The First Female Executive in the United Church of Christ
Church history scholars regularly celebrate the stories of church leaders by focusing on ordained men who serve local congregations, manage denominational tasks, shape theology, and define church identity. Although lay women are often more active members in Christian churches, honoring women’s lives and recognizing their leadership has not been well balanced.
Marilyn Breitling (1933-2018) grew up in the Midwest. With her husband and children, she became active in her local Congregational Church and increasingly involved in the national life of the United Church of Christ. In the early 1970s, Breitling worked on resolutions from the Task Force on Women in Church and Society and the Advisory Commission on Women and Society in the office of the President of the UCC. In 1975 she began working on women’s concerns in the Office for Church Life and Leadership. In 1979 she became the Director of a new Coordinating Center for Women in Church and Society (CCW).
Breitling had a “wise, practical, and strategic way of seeing what was possible and how to move forward on so many issues of importance to women.” With her kind manner, and a great sense of humor, she could speak and act in ways that everyone could hear and respond to with new understanding and motivation. People now say that she was “truly a founding mother of the modern women’s movement in the UCC,” and a sister to so many women and men who knew her.

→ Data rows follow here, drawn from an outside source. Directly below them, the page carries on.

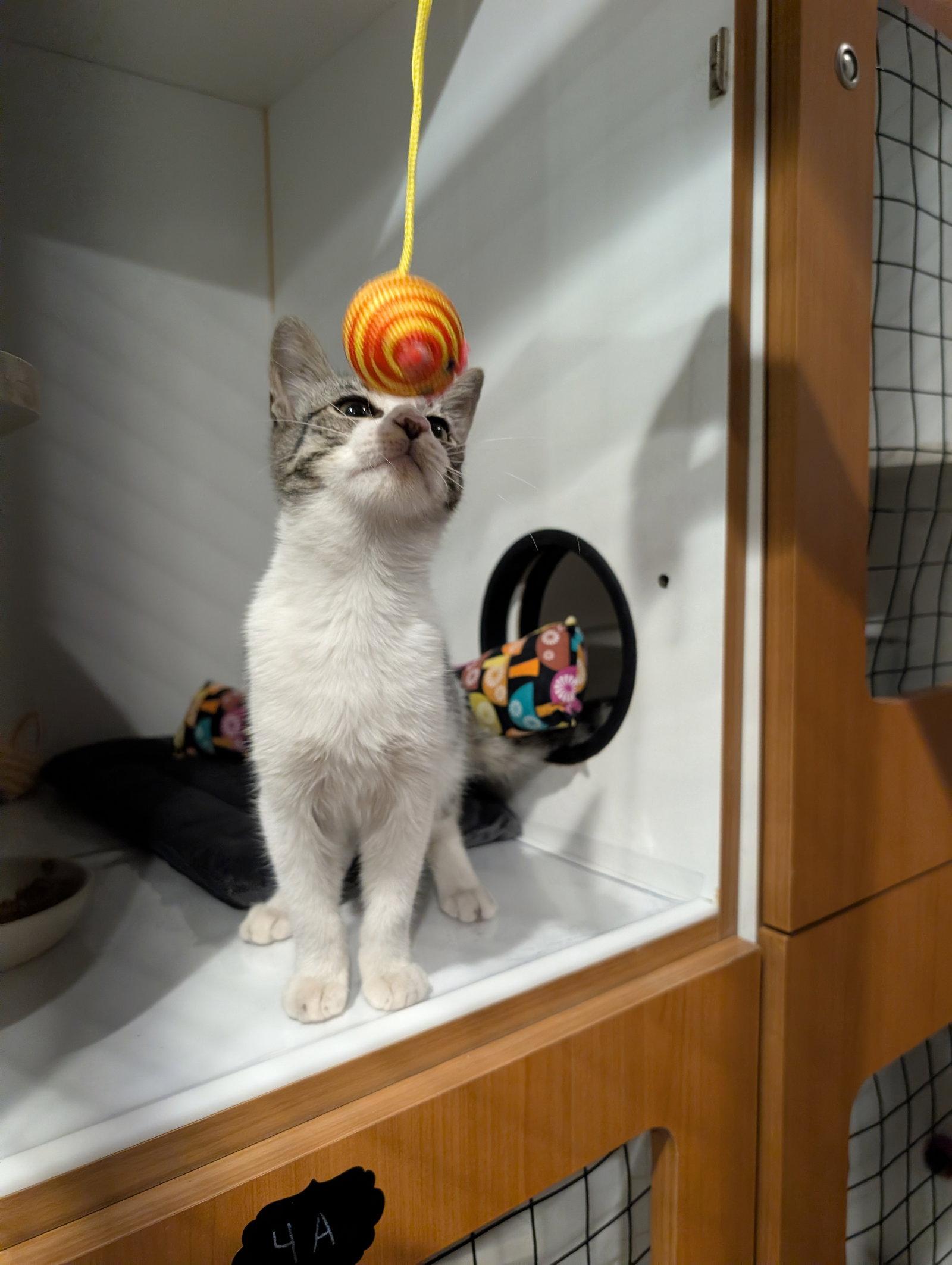 Enlarge Geo 5.28.26 (med waiver), a Adoptable Domestic Short Hair in Apopka, FL image 3/3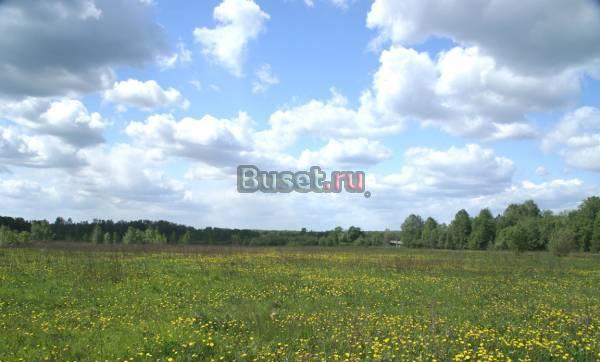 Уютный участок с выходом в лес 65 км от МКАД Воскресенск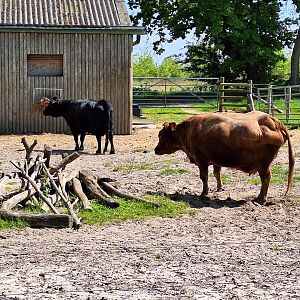 Dexter Cows (I think)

When the General Synod voted to elevate the Coordinating Center for Women (CCW) to an “instrumentality” (a covenanted ministry of the church), Marilyn Breitling was recognized as the denomination’s first female executive.
In 1991, after Breitling retired, she became the director of Continuing Education at Eden Theological Seminary until 1995. During her later years she reclaimed her volunteer ministry in her home church— (Samuel UCC), in Clayton, MO.